I receive a lot of emails from people saying they won’t start running until they’ve lost some weight or can run 5k already. The perception is that we need to be really good at exercise before we even start or we just shouldn’t do it.
In my experience there seems to be a message that until you have the body of someone who exercises then you can’t exercise. A common theme in my email communication from prospective clients is “I’ll be the obese one!” I’ve never met that person, they don’t actually exist, only in the head of the nervous would be runner who just wants to give it a go to see if they can run. And these thoughts aren’t gender specific to women, I have the same emails from men as well.
A lot of people run to lose weight so that they can start leading the life that they want to “when I’ve lost that weight, I will be happier, look like someone else, live a different life”. A great deal of time can be wasted comparing ourselves to others, looking sideways for our self-esteem when in fact we should be looking at what we have achieved already. Comparison to others can lead people to experience even more anxiety and it can be a very lonely and destructive road to go down.

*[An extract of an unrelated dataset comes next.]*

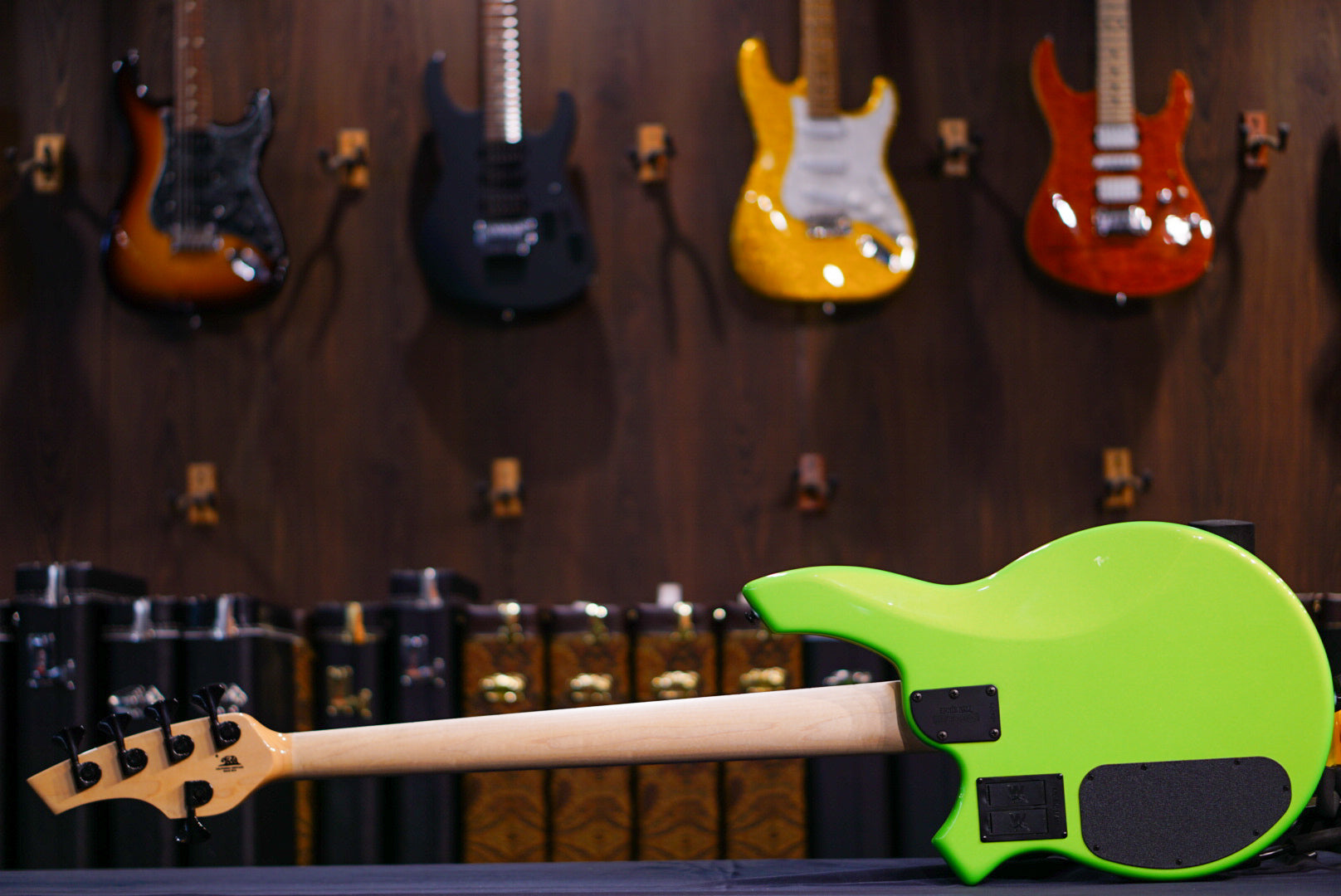 Ernie Ball Music Man Bongo Bass 5 HH Mantis Green K06771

Learning to run and sticking to running is hard, we live in a world of instant gratification, where we get results quickly, lose weight quickly, smash our 5k time quickly. Sometimes we need to just slow down, breathe and work with the body we’ve got right now. Having even a small shift in attitude towards starting something new like running and learning to appreciate not only the physical benefits but also the impact on our mental health. Looking after our mental health is just as important as our physical health, learning to self-care and be kind to ourselves can only be a good thing.
Join a supportive running group - Find a group that says it’s ok to be slow and it’s ok to walk when you need to. A group like this where you will always be supported no matter what your speed is may be the difference between failure and success.
Confidence - Taking up running later on in life can give you confidence that you never knew you had. You may even achieve goals that you never thought were possible.
I will to I can - Running enables you to go from I will to I can, starting at one point, in most cases 0, and becoming adept at that goal gives you the belief that you can meet new challenges. This enables you to build up a healthy relationship with running so it becomes less of a chore to get out of the front door.